Sin pensarlo mucho, lo envolvió mejor en su poncho y se acercó al caballo con intención de subir nuevamente y llegar cuanto antes al pueblo. Pero justo cuando iba a montar, el pequeño comenzó a reírse. No era una risa común. Era una carcajada aguda, burlona, que retumbaba en la quietud de la noche como si viniera de todos lados. El hombre frunció el ceño, extrañado. ¿Cómo podía reír así un recién nacido?
Con mano temblorosa, apartó la manta para ver qué le ocurría y lo que encontró lo dejó mudo del terror. El niño ya no era un bebé. En apenas segundos, había crecido; sus ojos eran profundos y una dentadura completa, con colmillos afilados, asomaba en una sonrisa grotesca. Con voz de hombre adulto, le dijo entre carcajadas:
—¡Papá, ya tengo dientes! ¡Papá, ya tengo cabello! ¡Papá, ya tengo uñas grandes!
El hombre retrocedió instintivamente. El niño lo miraba fijo, sin parpadear. Una ráfaga helada cruzó el puente.
—¡Papá! —gritó ahora con una voz grave, ronca, que parecía venir del mismo abismo—. ¡Me acaba de salir cola y cuernos!
Fue entonces que el horror lo venció. El hombre soltó al ser con un grito ahogado. El cuerpo del infante cayó pesadamente sobre el suelo, pero no hubo sonido de impacto. Solo un soplo de viento y después, la nada. El niño-demonio había desaparecido, como si nunca hubiera estado ahí. Solo quedaba el eco de su risa retumbando entre las paredes del puente.
Con las piernas tambaleantes y el alma encogida, el hombre se santiguó una y otra vez mientras montaba como podía al caballo, que tampoco parecía tener fuerza para seguir. Ambos, hombre y bestia, regresaron al pueblo como en una pesadilla, tropezando con las piedras del camino, como si el mismo miedo los guiara.
Llegó a su casa más muerto que vivo. No pronunció palabra. Se tiró en su catre, sin quitarse siquiera el poncho. Esa noche no durmió, solo miraba el techo, rezando en silencio. Al día siguiente, el caballo amaneció echado, respirando con dificultad y antes del mediodía, murió sin emitir un solo relincho.

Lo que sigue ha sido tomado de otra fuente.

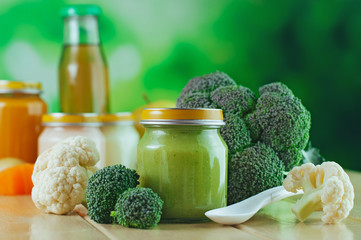 Jar with broccoli and cauliflower puree near fresh vegetables
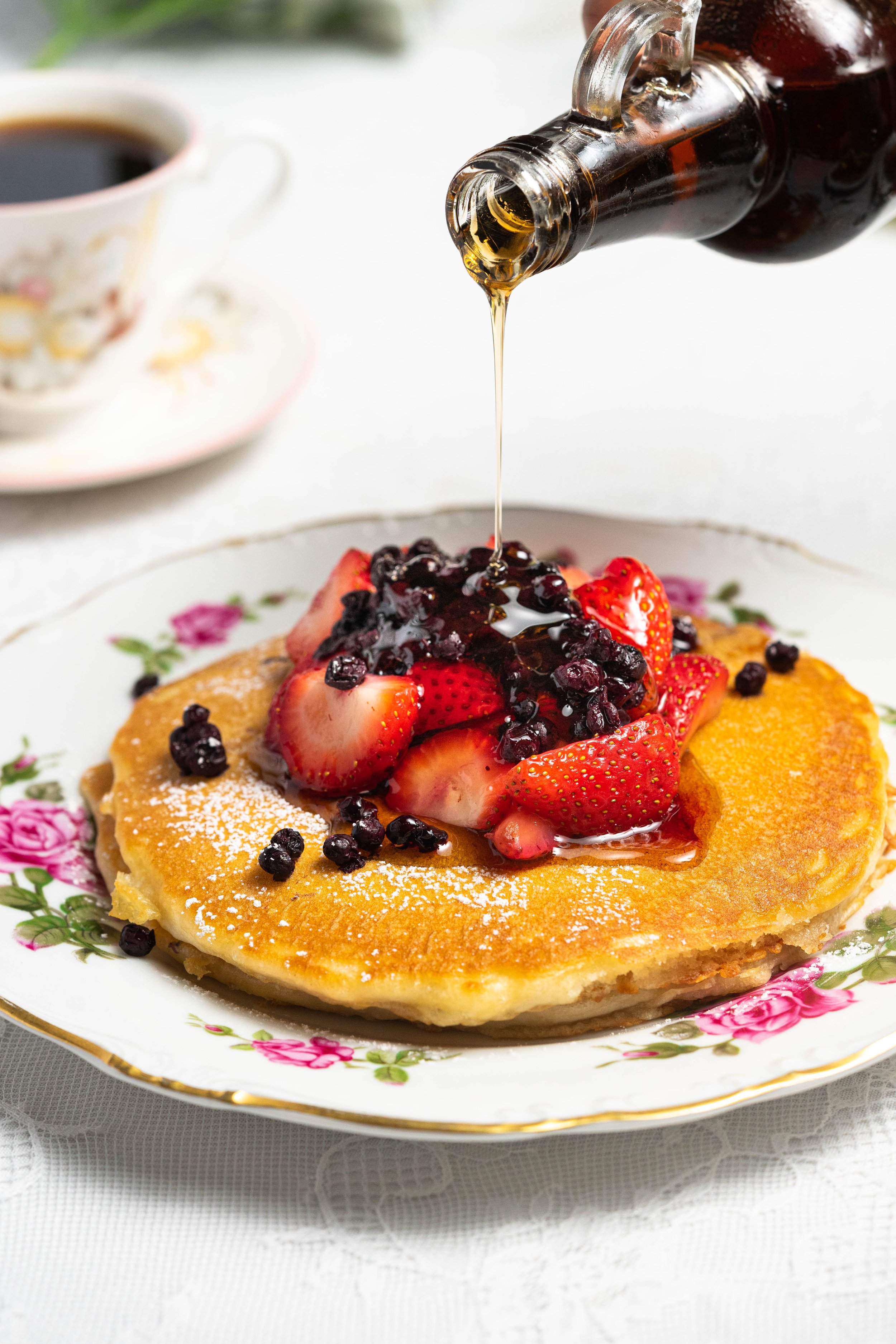 Pancakes topped with strawberries and berries, drizzled with syrup, on a floral plate, with a cup of coffee in the background.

Desde entonces, nadie quiso pasar por el puente del río El Tejar a medianoche. Algunos decían que ese niño seguía apareciéndose en busca de otro “padre”. Otros aseguraban que el diablo probaba la bondad de los hombres en forma de inocencia. Lo cierto es que el puente quedó marcado y hasta el día de hoy, cuando alguien lo cruza de noche, se persigna sin pensarlo, por si acaso.
Informante
Luis Ubidia (Otavalo: 1913-2000)
Fue un maestro prestigioso que comenzó su carrera docente en 1935 en San Pablo de Lago, en la escuela Cristóbal Colón. Después pasó a la escuela 10 de agosto de la ciudad de Otavalo, plantel donde había estudiado su educación primaria. En 1936, viajó a Quito para trabajar en la Anexa del Normal Juan Montalvo. En 1970, después de una ardua y fructífera laboral como profesor, acogió a la jubilación y el poder articulista en los medios escritos de la provincia de Imbabura, con un claro enfoque de justicia y rectitud en los temas de la vida local del cantón Otavalo. Escribió también artículos de investigación científica y notas poéticas. Tiene 28 publicaciones
Hilda Ubidia, comunicación personal, 14 de enero de 2016.